So when I heard the crunchy, chomping-on-china-plates sound, I begged Jack to spit out what was in his mouth. He laughed as I followed him around the kitchen, and tried desperately to put my finger in the side of his mouth. Just as I was wondering how much worse it was going to be when he bit off and swallowed my finger along with the glassy sounding bit, he pushed a small white object out between his lips at me, and it bounced between my fingers and clinked like porcelain onto the floor. He smiled and ran across to the living room.
It was a tooth. His tooth, of course. He's still a kid who is going to lose teeth. All at once he is both too young and too old for that, but he's 11 1/2, so he is actually right on time to lose those molars. And whether I am ready or not, many milestones occur without regard for ability or disability. He grows physically, and changes mentally by the minute these days.
He's just at that point between being a little boy and a young man. In some ways, he'll always be my baby, just like I am my Daddy's "Jennyalice, " and Momma's "BabyGirl," but I need to remember that he is growing up.

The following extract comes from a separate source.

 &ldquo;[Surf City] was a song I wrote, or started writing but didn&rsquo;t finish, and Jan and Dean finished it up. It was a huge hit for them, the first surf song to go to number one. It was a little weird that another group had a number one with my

It's challenging sometimes to gauge things because his known abilities are so uneven and his expressive communication requires a patience on my part that I strive for rather than come by naturally. But even if Jack is not at grade level in math, it doesn't mean that he might not have crushes on girls, or start to have other new interests. We've already recognized that he is attentive to Myth Busters, and done with Dora.
I'm trying to stop using the word "potty," and use instead, "bathroom" or "toilet." I hold myself back a little bit when he is in front of his classmates before I smother him with kisses. When the topic of moving from one classroom setting to another came up at his school, I asked him what he thought, and what classroom he thought he should be in.

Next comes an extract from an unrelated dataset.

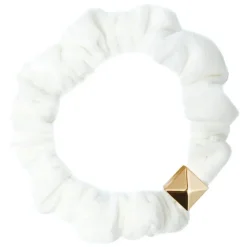 Velvet Mini Scrunchie White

As a society we often infantalize people with disabilities, especially those people who do not speak typically. People who use AAC devices aren't always given credit for all of the nuance of thinking they may have because their device 'speaks' in straightforward, quipped language. And those who do not use devices at all are often thought to have no thought at all. In the absence of a clear, articulated sentence, it is still important, or rather, imperative, to consider Jack's opinion first in any situation that involves him, and to be respectful to ensure that, as much as possible, barring safety concerns, Jack be in charge of his body and his actions.
It would be easier to push and pull him where I want, maybe. It would be faster if I made the choices: vanilla or chocolate, green or red, apple or pear. It would be convenient to use only my desires to dictate where we go and what we do next. I'm guessing this is just part of the parenting process in some ways, when our children are young we control most of their environment, and some of that control naturally falls away with a typical child who asserts themselves with voice or physical action. With a kid like mine sometimes you have to look carefully for the cues that tell you to step aside. The longer I have this job, the more I realize that it is my goal as a parent to teach my children to make good choices on their own, and to support them so they are confident in the decisions they have made.
And as they grow older, I will encourage both of my children to give thought to what they want out of this life. As individuals they need to consider what is the best thing for themselves, for their family, and for their community with any choice they make. It may always be harder for me to tease out what Jack thinks is important, and to discover his desires, and I recognize that he may need help executing many of his choices.. but he deserves to be heard.
When all of those little baby teeth are gone there will be a precious, possibly-pimply, fuzzy, young man standing in my kitchen, and we should all want to know what he thinks.